Intégrant les ministères de la sécurité et de la défense des douze nations membres de l’Unasur, à savoir l’Argentine, la Bolivie, le Brésil, la Colombie, le Chili, le Surinam, l’Équateur, l’Uruguay, le Paraguay, le Venezuela, la Guyane et le Pérou, ce Conseil vise, selon le chancelier brésilien Celso Amorim, à favoriser la confiance mutuelle, les entraînements militaires de manière conjointe et l’unification de l’industrie d’armements.

L’Unasur a aussi présenté son rapport sur le massacre qui a eu lieu dans le département bolivien de Pando où 20 paysans, en grande partie des partisans d’Evo Morales, ont été tués en septembre 2008.
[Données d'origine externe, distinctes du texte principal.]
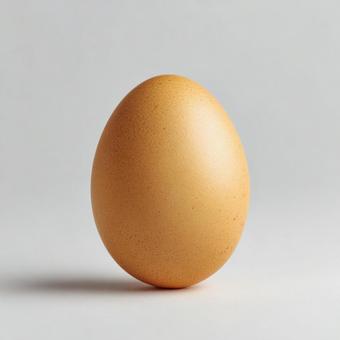 健康的な食卓に欠かせない茶色の卵 健康的な食卓に欠かせない茶色の卵の写真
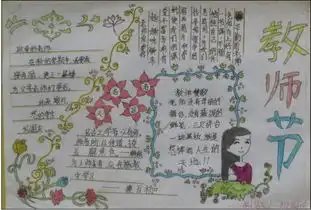 教师节手抄报该怎么画有没有参考图片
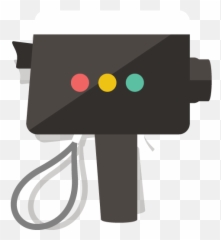 Video Recorder Icon Myiconfinder - Recording Icon Cartoon Png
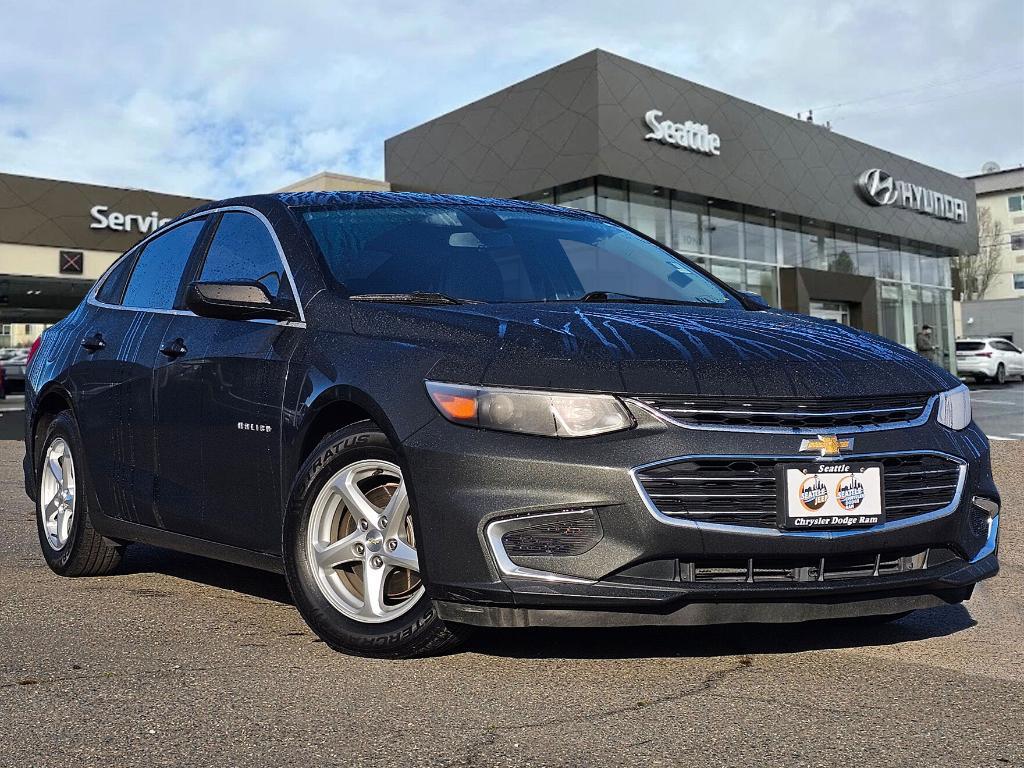 used 2018 Chevrolet Malibu car, priced at $9,964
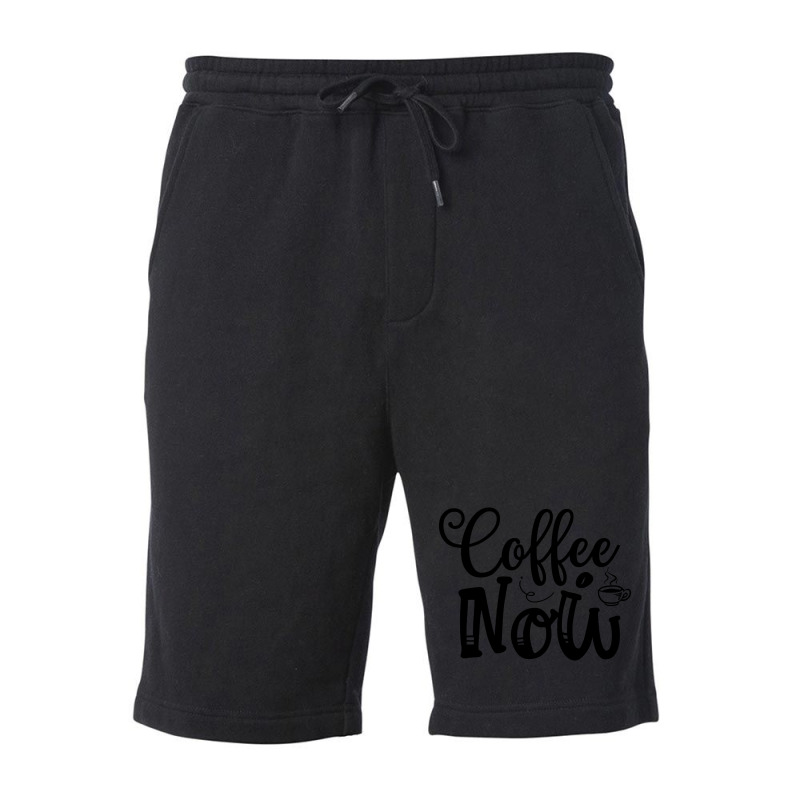 Limited Edition Coffee Now Fleece Short by hongquangd | Artistshot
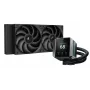 DEEPCOOL Mystique 240 Procesora universāls šķidruma dzesētājs 12 cm - melns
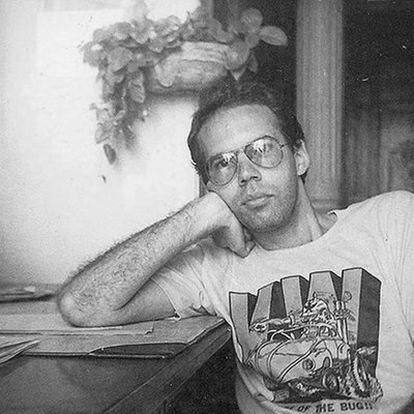 El poeta cubano David Lago González.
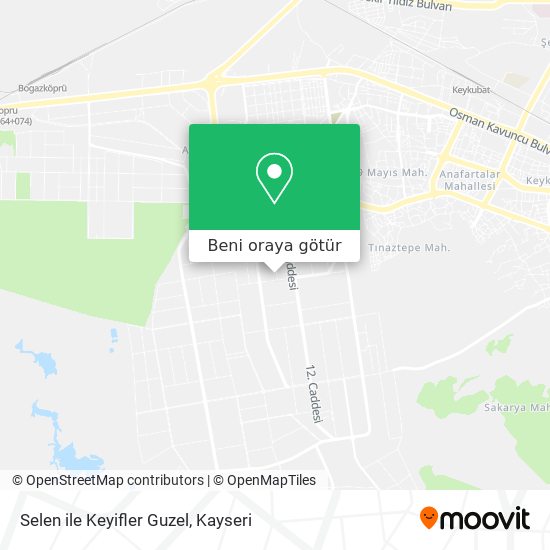 Selen ile Keyifler Guzel harita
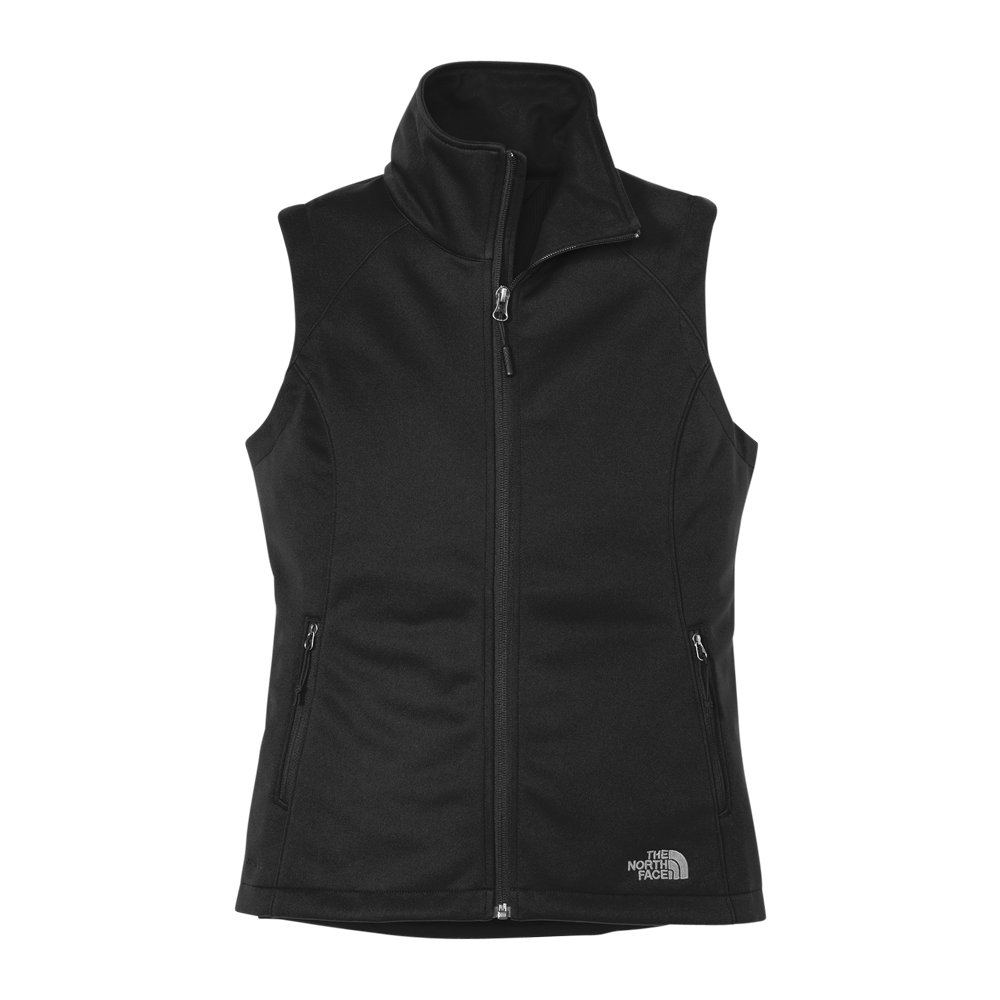 WNG-762-The-North-Face-Ladies-Ridgewall-Soft-Shell-Vest-Black-4 The North Face Ladies Ridgewall Vest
À rappeler que, sur convocation de la cheffe d’État chilienne Michelle Bachelet, présidente Pro tempore de l’Unasur, les dirigeants des pays membres de cette communauté supranationale s’étaient réunis en session extraordinaire où ils ont appuyé à l’unanimité le gouvernement d’Evo Morales et dialogué avec l’opposition bolivienne. Ce qui a contribué à rétablir la paix, du moins pour un certain temps, dans ce pays sud-américain. L’Unasur a été par la suite investie de la mission de mener une enquête sur ce massacre considéré comme une action de déstabilisation contre le gouvernement bolivien.

Nonobstant, l’Unasur a dû reporter au mois d’avril de la prochaine année la ratification du traité constitutif de l’organisme, ainsi que l’élection de son nouveau secrétaire général en raison de l’opposition du président uruguayen Tabaré Vázquez à la candidature de l’ex président argentin Nestor Kirschner, le grand favori pour occuper ce poste.

Le mandataire uruguayen et les Kirschner (Nestor et Cristina Fernández) sont en conflit depuis le blocage du pont reliant les deux pays sud-américains par les habitants de la ville argentine de Gualeguaychú en signe de protestation contre l’installation de la plante de cellulose de Botnia à Fray Bentos, dans la frontière commune.

Le Groupe de Río s’est aussi rassemblé à l’occasion du premier Sommet de l’Amérique latine et de la Caraïbe pour célébrer l’intégration officielle de Cuba comme 23e membre de ce forum.

Dans ce contexte, plusieurs représentants de pays membres de ce Groupe créé en 1986 ont insisté sur la nécessité de bâtir un plan d’action en vue de concrétiser son objectif de consolider la coopération politique et économique entre les pays membres et de fomenter le rapprochement entre eux.

De l’avis du premier ministre jamaïcain Bruce Golding, il faut convertir ce Groupe en un véhicule de concertation en Amérique latine et dans la Caraïbe parce que « le monde est en train de se reconfigurer en conglomérations de nations souveraines », a souligné le dirigeant caraïbéen, se réjouissant de ce que « dans ce groupe, qui vient d’avoir 22 ans, il n’y a pas de conflits internes ni désaccord ».

Du même coup, il a souhaité que « le prochain sommet, qui aura lieu en 2010, soit le cadre pour harmoniser les stratégies ».

Outre Cuba, les 22 autres membres du Groupe de Río, dont le chef d’État mexicain Felipe Calderón assure la présidence Pro tempore, sont : l’Argentine, Belize, la Bolivie, le Brésil, la Colombie, le Costa Rica, le Chili, l’Équateur, El Salvador, le Guatemala, le Honduras, le Mexique, le Nicaragua, le Panama, le Paraguay, le Pérou, la République Dominicaine, Haïti, l’Uruguay, le Venezuela, la Guyane et la Jamaïque en représentation de la Communauté des Caraïbes (Caricom).